EXERCISE INPUT Start Marker
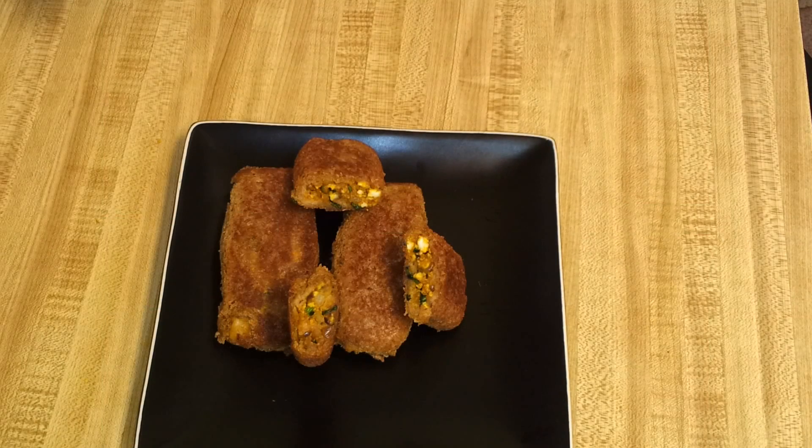Hi everyone, welcome to Everyday Indian Cooking. Today I'm making an evening snack: stuffed bread rolls. This is a vegetarian dish stuffed with potato and scrambled paneer. So let's get started.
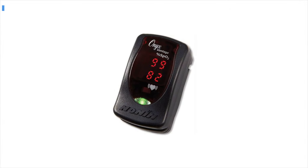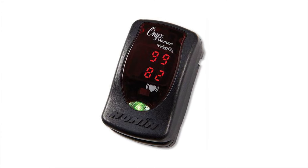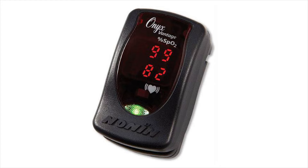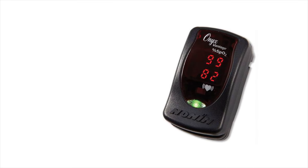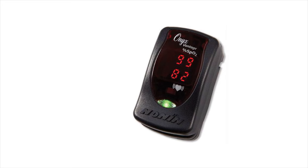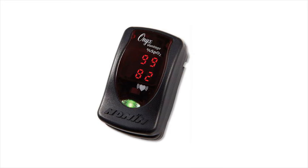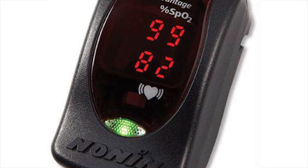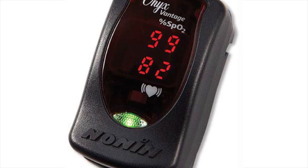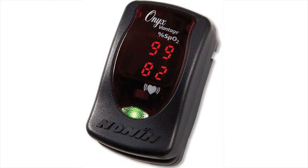In the runner-up position, we feature the Nonin Onyx Vantage 9590, the prime choice among premium offerings. The Nonin Onyx Vantage 9590 is a medical-grade pulse oximeter known for its high accuracy. It has been extensively researched and compared to arterial blood gas readings, which are considered the gold standard in blood oxygenation testing. The results showed a strong correlation, making it a reliable option for measuring oxygen levels. In our testing, it consistently provided rapid results, with an average response time of just over 3 seconds.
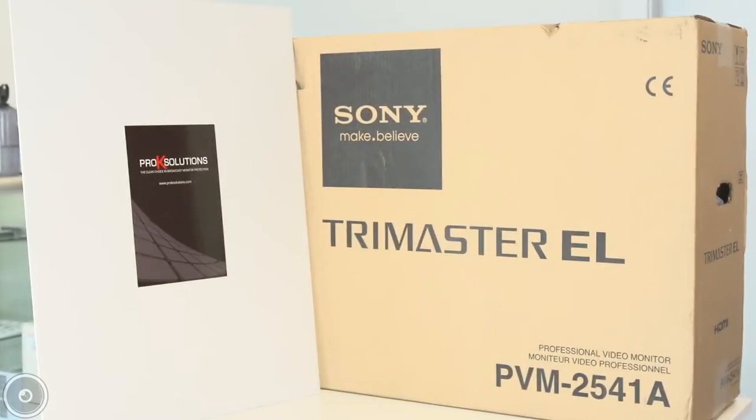Hi, I'm Casey Brammel, Service Technician at FusionCine, and today I'm going to show you the ease of installation of a Pro-K Solutions protective cover on a Sony 25-inch OLED.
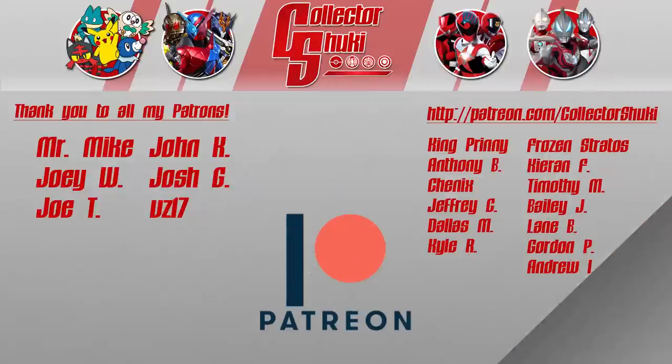Let me know what you want to see first because I don't have an order preference for what I film — whether you want Ultraman stuff first, Lupin/Pat stuff, or Shinkalioh stuff, let me know in the comments below. Drop any questions down there as well. That about does it for this vlog — as always, thanks for watching, take care, have a great one! I'd like to thank Mike, Joey, Joe, John, Josh, VZ17, and all my fans who support me on Patreon.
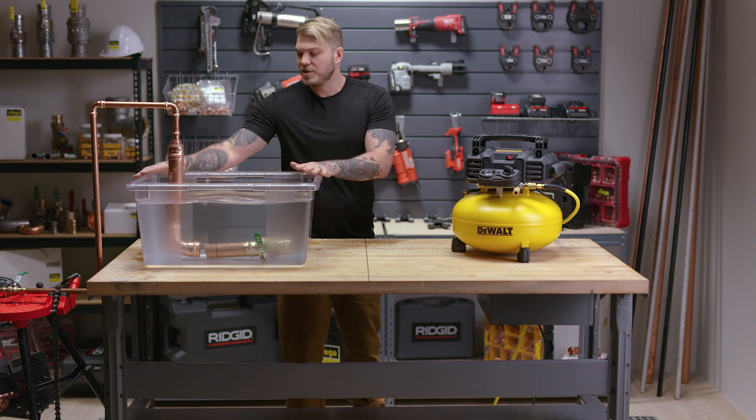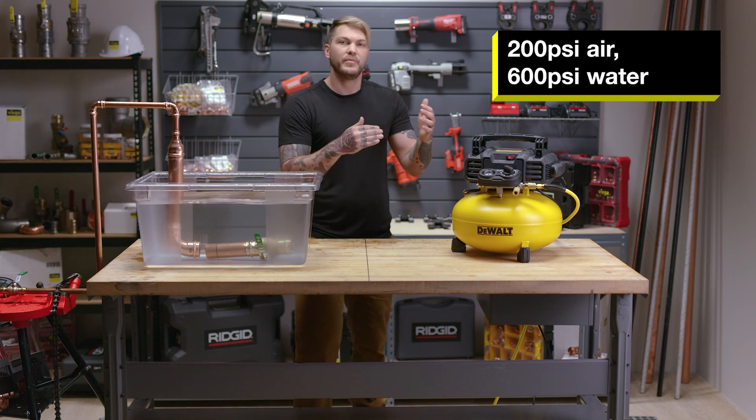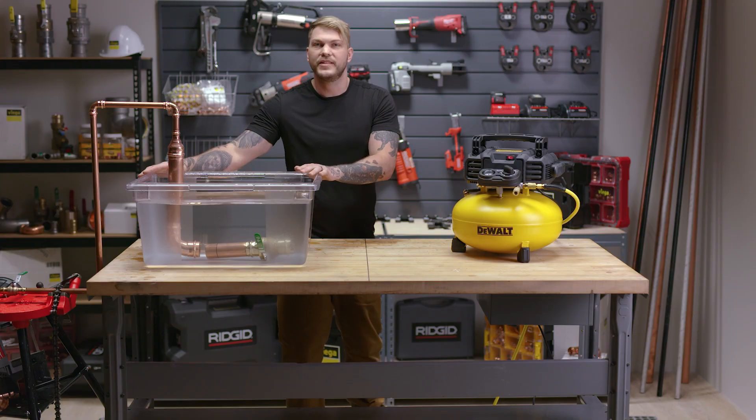Once we've done that and pressed every single fitting, we can go up to 200 psi with air or up to 600 psi with a hydro test. And this is how you air test a VEGA ProPress system.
EXERCISE INPUT End Marker
Reproduce only the lines between the line with "Let me know what" and the final line of the records, both included, so that the copy matches them exactly and contains no pictures.

## OUTPUT FOR THIS EXERCISE:
Let me know what you want to see first because I don't have an order preference for what I film — whether you want Ultraman stuff first, Lupin/Pat stuff, or Shinkalioh stuff, let me know in the comments below. Drop any questions down there as well. That about does it for this vlog — as always, thanks for watching, take care, have a great one! I'd like to thank Mike, Joey, Joe, John, Josh, VZ17, and all my fans who support me on Patreon.
Once we've done that and pressed every single fitting, we can go up to 200 psi with air or up to 600 psi with a hydro test. And this is how you air test a VEGA ProPress system.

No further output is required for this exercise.